Excellent achievement, congrats :)
I will go through 560 words and will update you if anything interesting.
>
> We discovered a number of bugs or peculiarities in Uniscribe.  We can do
> better in some of those cases (and we do).  But for testing purposes, we added
> a "uniscribe-bug-compatibility" mode to the Indic shaper.  The numbers above
> were in that mode.
>
> We then tested Gujarati, a script very similar to Devanagari.  Failures were
> at a surprisingly low 0.015%!

I think Punjabi and Tamil should also give good results with current fix
for Devanagari script.
>
> To summarize:
>
> Last year I conjectured that if we have an extensive word list for each
> script, we can test our shaper against Uniscribe, and use the number of
> failures, and the failing cases themselves, to guide us perfecting our shaper.
>  I asked the internationalization team at Google to create a word list per
> language out of Wikipedia content, and I received those lists last month.  In
> this hackfest we put the idea to test, and it worked out very well!  From now
> on, we can take one script at a time, look at the failures, hammer the number
> down to sub 0.1% and move to the next.

I will say this is Best approach. Thinking all script at once is pain.
>
>
> Good times.  We should do this again.  Tentatively planning for late July in
> Toronto when Mozilla developers will be in town.
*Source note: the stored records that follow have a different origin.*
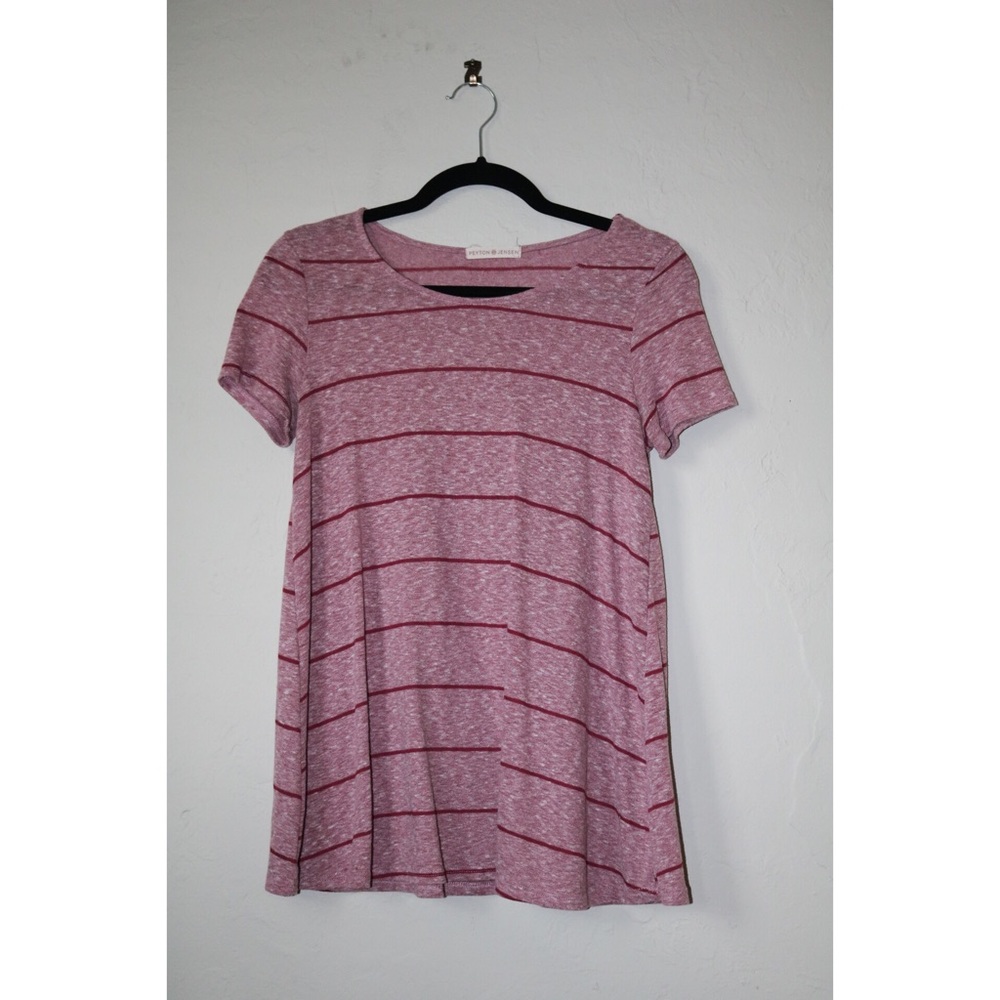 Striped Tee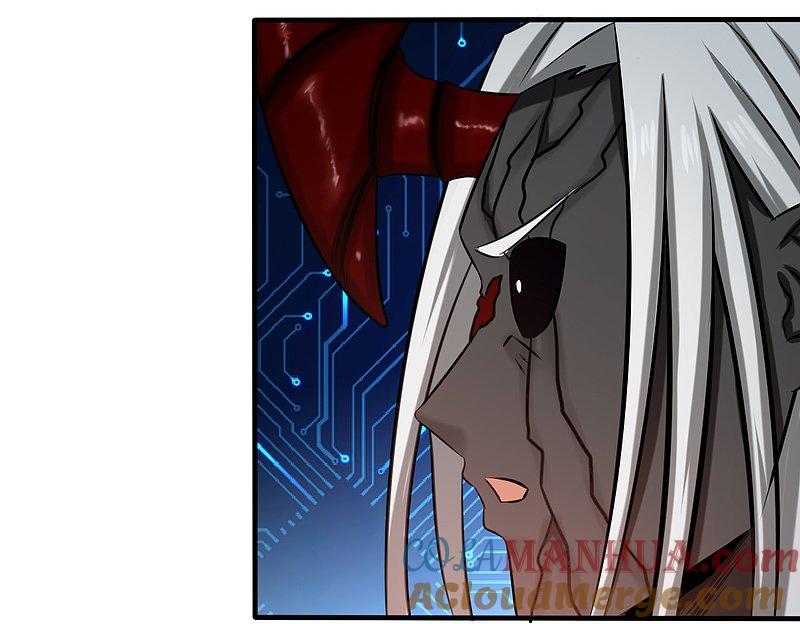 地府我开的 - 第109话 隐藏的黑手 - 第17张图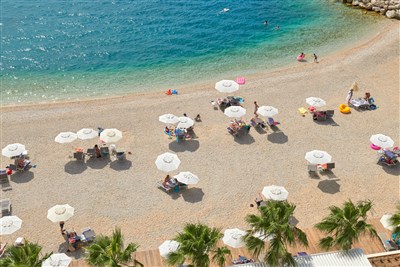 Medora Auri Family Beach Resort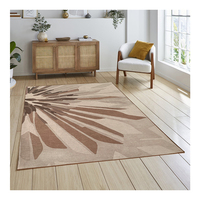 Tapis moderne imprimé pour la décoration intérieure, tapis 3D antidérapant, tapis imprimé pour le salon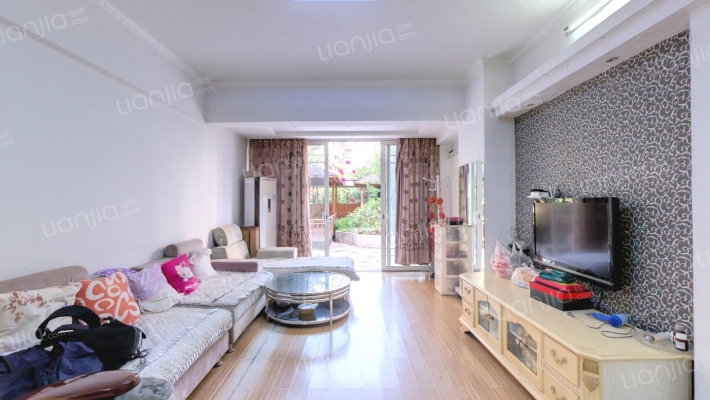 祥瑞东方大厦二手房实景图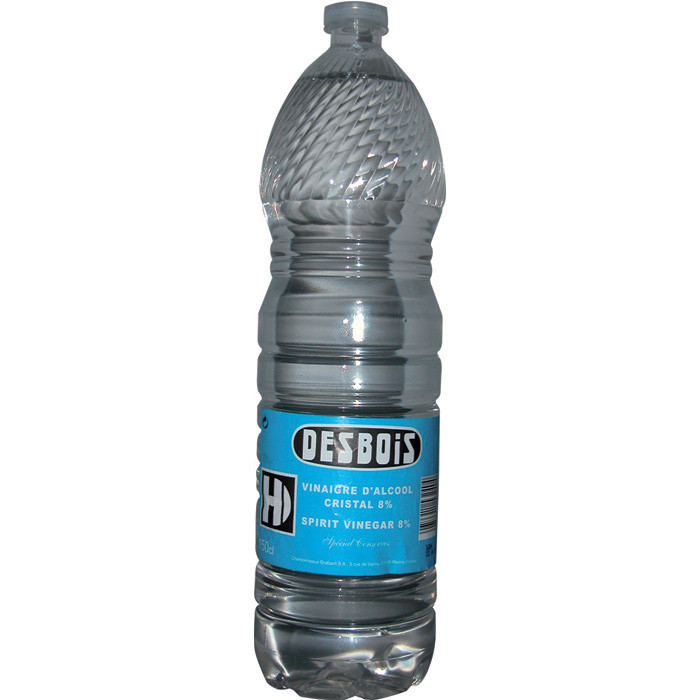 VINAIGRE MENAGER 8° 1.5L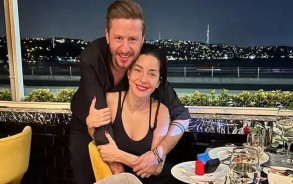 45 gün əvvəl evlənən Merve boşanır - FOTO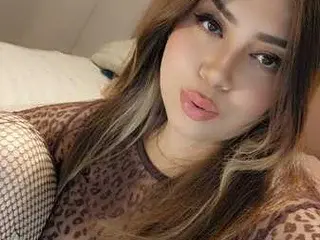 Streamate Adult Video Chat of NatalyyLars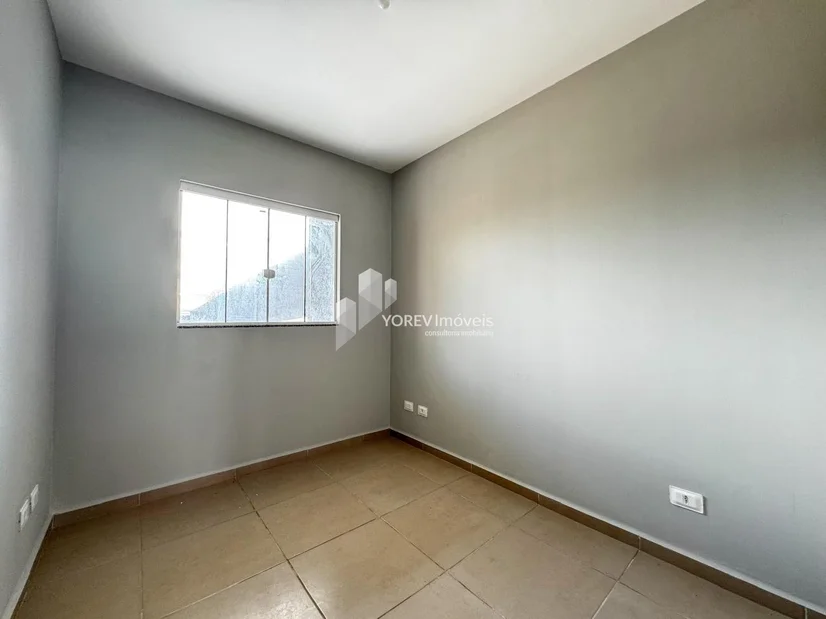 Foto Casa com dois quartos , Bairro Nova Ponta Grossa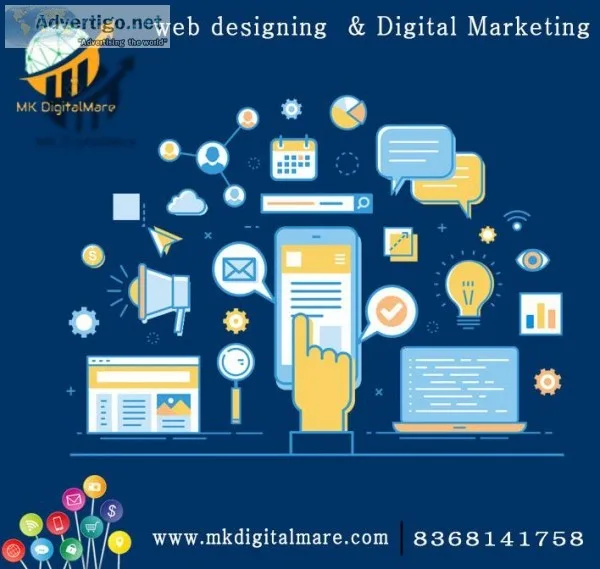 Digitize your Business By using Web Services in 30 days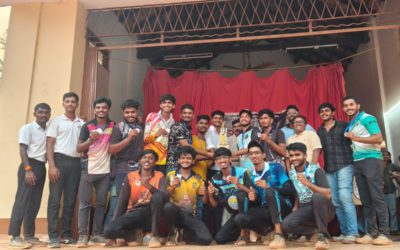 Agno Premier League – 2k25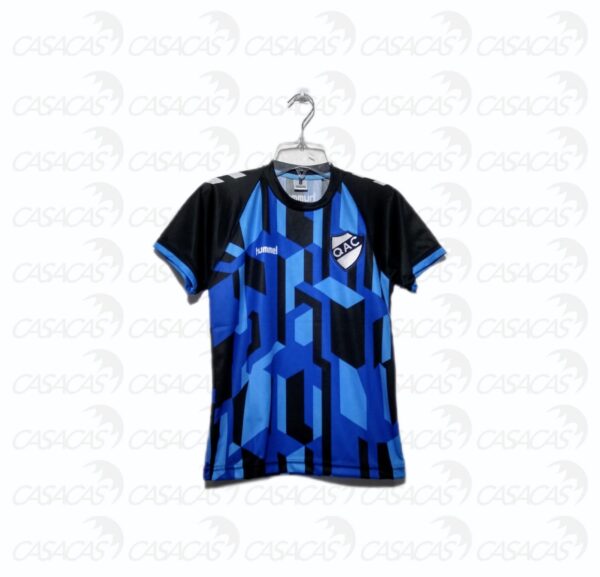 Camiseta PreMatch Quilmes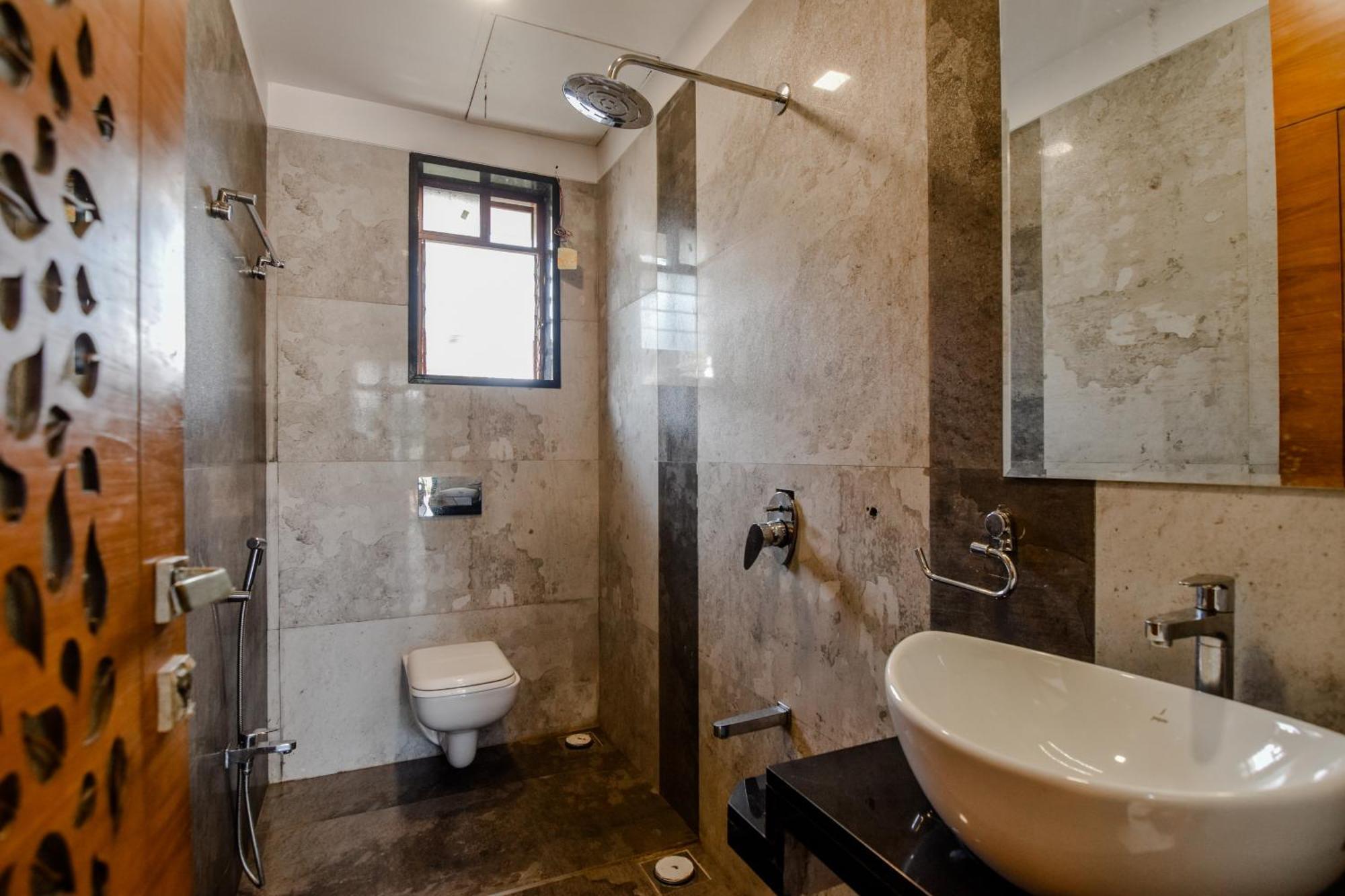 Lifeline Villas - Luxurious Taraangan 4 Mountain View Villa With Biggest Pool And Huge Open Area Lonavala Εξωτερικό φωτογραφία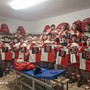 Rugby. Il Savona Under 16 batte Recco, per i biancorossi è una vittoria che vale doppio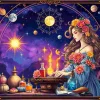 Puzzle O Alquimista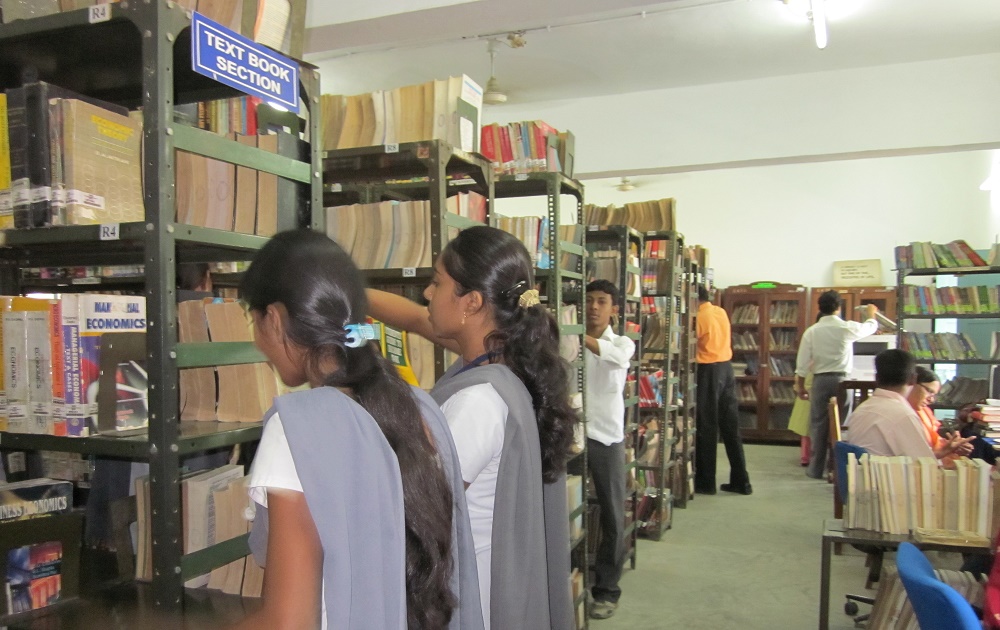 Library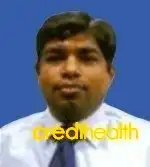 Dr. Shantanu Deshpande, Cardiologist in Gachibowli 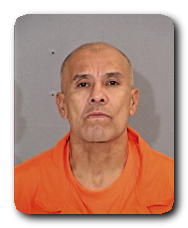 Inmate PERRY HOWARD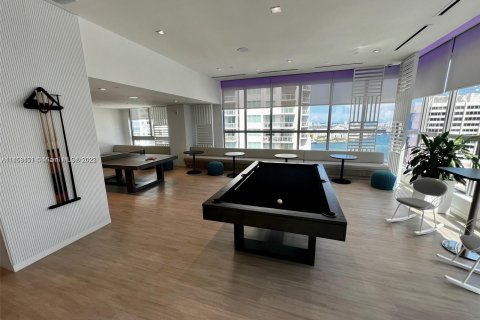 Condominio en venta en Miami, Florida, 1 habitación, 39.02 m2 № 720199 - foto 28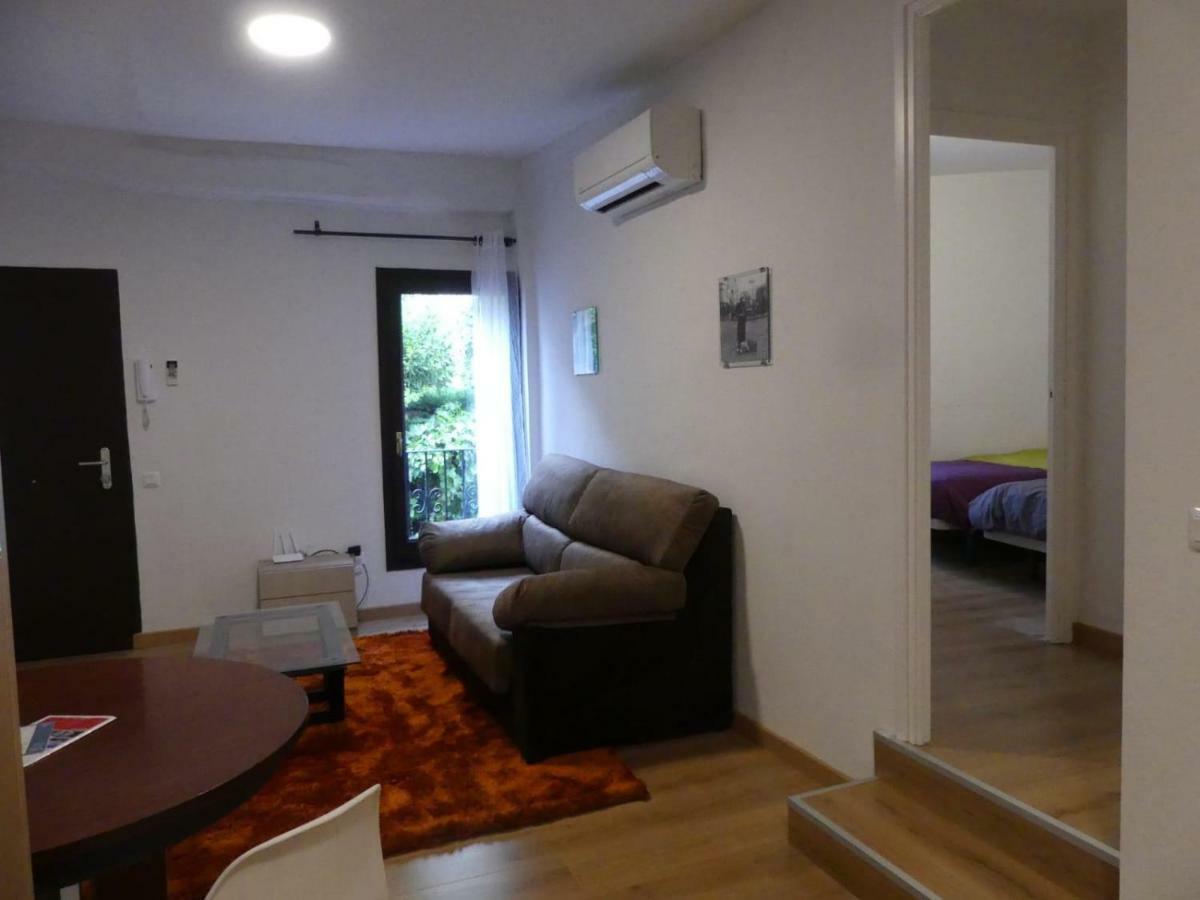 Apartment 2 Acollidor Al Centre Historic De Aptgarbi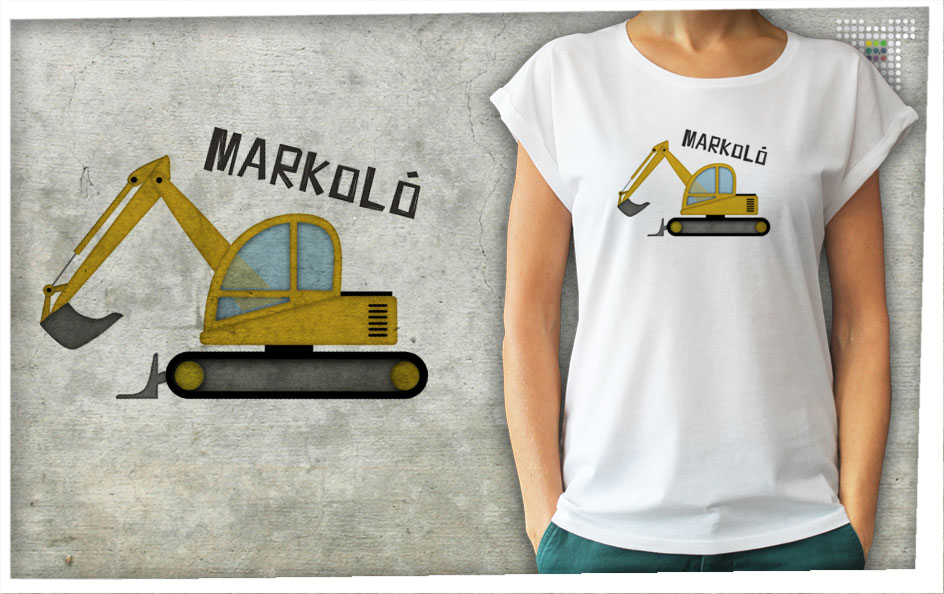 Sols Melba női Nő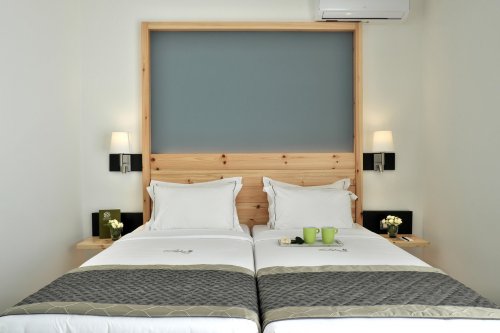 Acrotel Elea Beach Hotel
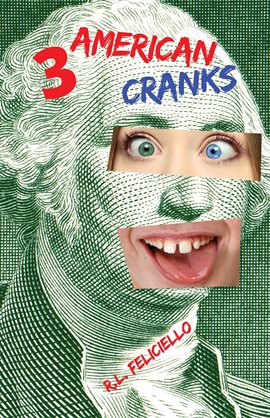 Cover image for 3 American Cranks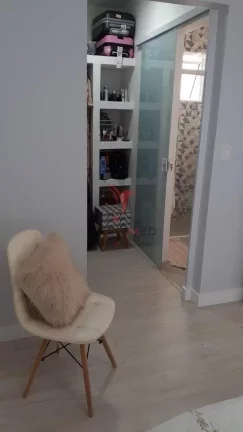 Imagem Casa no Residencial Mantiqueira em Guaratinguetá, com Quintal e Garagem coberta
Might be more people cant join face to face meeting, at least i will try
to be more active on IRC during same time.

>
>
> behdad
>
> PS.  I'm leaning towards shutting down the harfbuzz-indic list and using the
> main list for all communication.  Any objections?

Might be not required presently but when we will deploy harfbuzz-ng in
various project, i..e pango, icu might be that time we will need it.

Best Regards,
Pravin Satpute